Less cops. More people with higher education.
Wish it was free
Don't be worse than Russia. Please fix.
I need to go back to college, man
Yes. The poster is encouraging people to do better.
Lmao, you need a fucking masters to catalogue and check out books to local schoolchildren but you don't need it to be trusted with a badge and a gun.
We're so fucked dude.
Edit: Mentioned in reply to another comment, but sorry for making librarians sound like they don't do much. My point wasn't that they're not important, my point was that they don't make life or death decisions for random members of the community on the daily.
You are dramatically underestimating the responsibilities and skill set of a librarian.
I don't doubt that. Handling large groups of kids, especially in the summer when they've got nowhere else to go, all while keeping a vital resource to the community alive.
Admittedly that was a shitty way to paint librarians, so sorry about that.
That being said, a bad cop can do a lot more damage to a community than a bad librarian.

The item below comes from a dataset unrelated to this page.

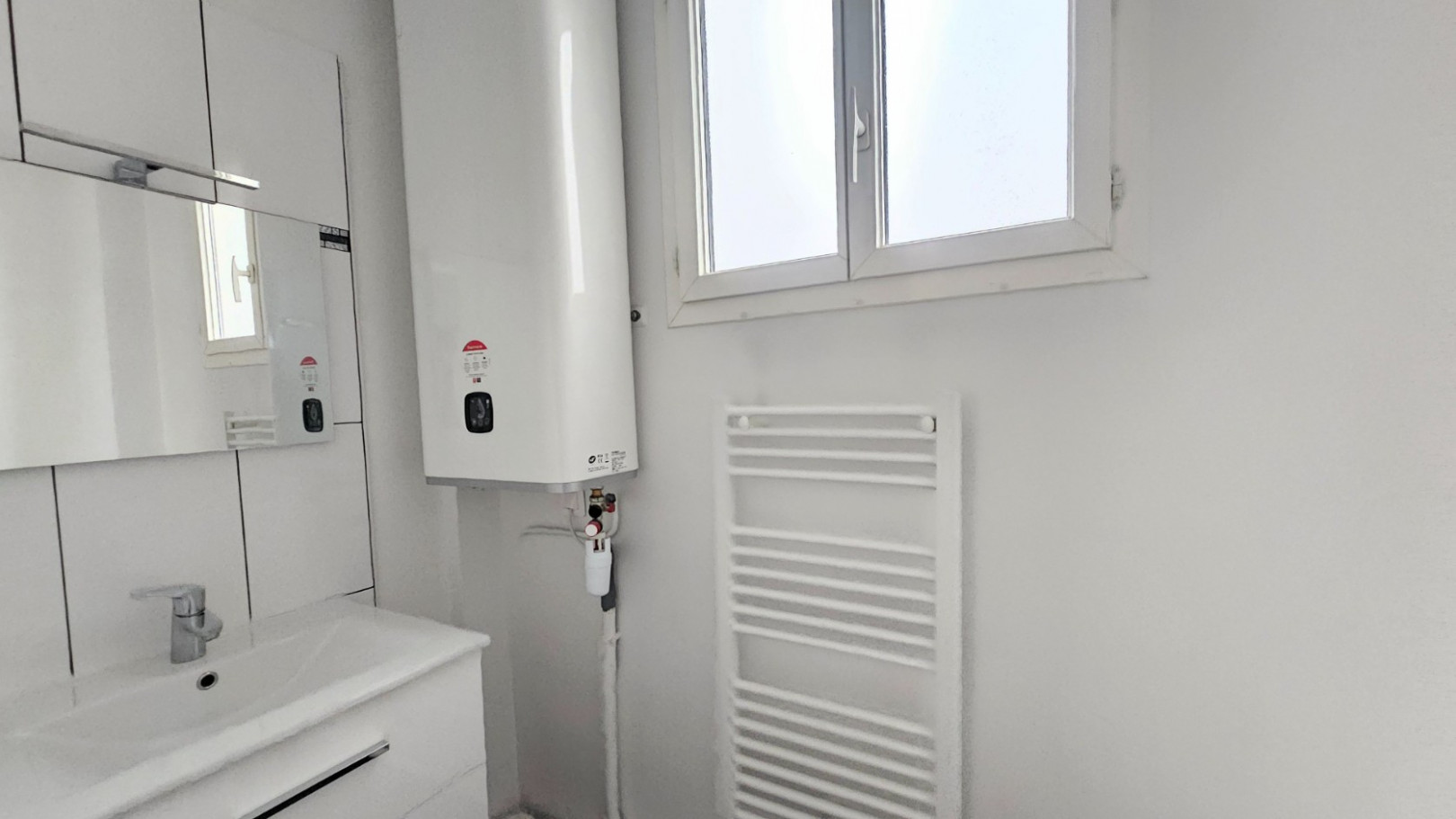 
                                                Vente
                                                 2 pièces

Actually to be a school librarian you only need a bachelor's of education focusing in something IT-related, plus whatever teaching cert your state requires. And in public libraries, you also only need a bachelor's in information science to be a library tech, which is the one that stocks the shelves and checks out books to local schoolchildren. Only being a full librarian needs a Master's. That said, academic libraries won't even look at you if you have less than a Master's.

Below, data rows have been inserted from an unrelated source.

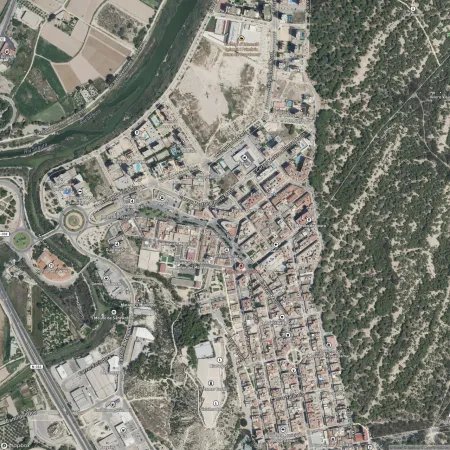 Foto del inmueble Garaje de 25m2 en GUARDAMAR DEL SEGURA, ALICANTE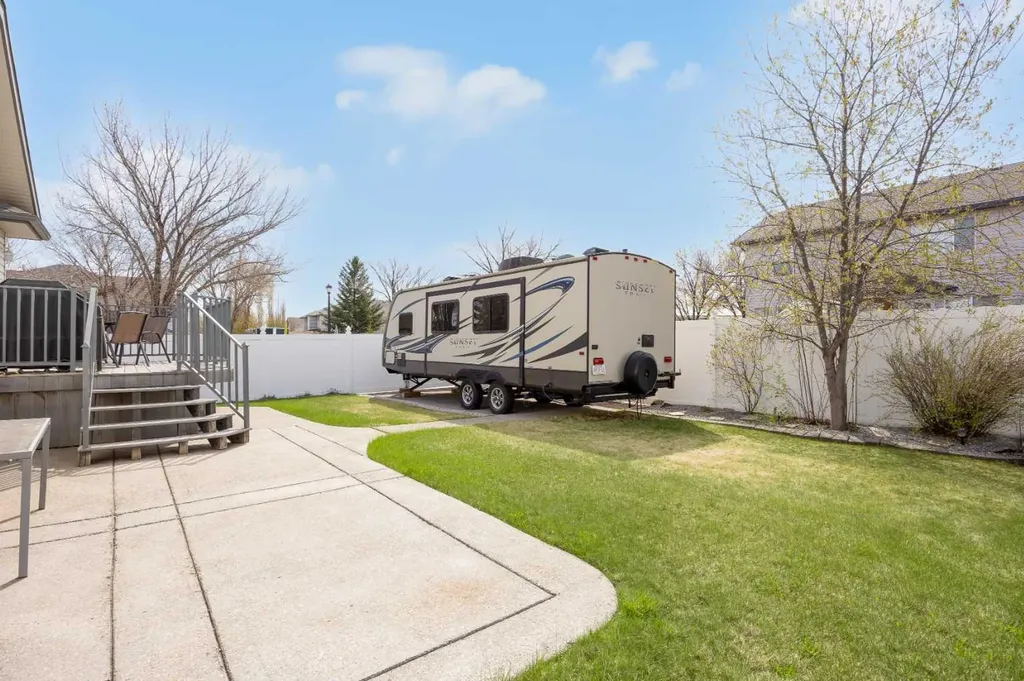 187 West Lakeview Circle Chestermere AB T1X 1H7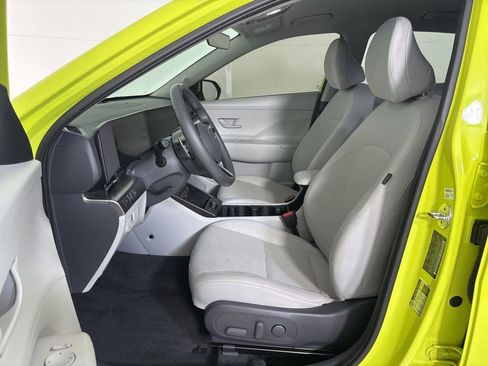 Used 2024 Hyundai Kona SEL w/ Convenience Package image 14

Ok, how? IT-librarian? I can belive in IT-related assistant, but librarian? In school? Where I live they usually have degree in pedagogy.
Ah. Nvm. I thought you said about only librarians.
IT stands for Information Technology. Library Science is a subset of IT.
Why master's? But you WILL need a degree. Bachelor in Library Science, alternatively Pedagogy or Philology.
It may seem odd, but librarians are pre-internet search engine. You tell them "I want I don't know what, but something like that and that" and they point where to find such information.
Librarians need to be trusted to do research to work in most private and academic libraries. So public libraries just follow the trend. Private librarians tend to focus on organizing databases, since they generally work with computer archives instead of books. Academic libraries do literature reviews, where they read large amounts of research on a subject and then summarize everything they've learned.
Most librarians hop between these fields a few times, and it can be very jarring to adjust to each sytem.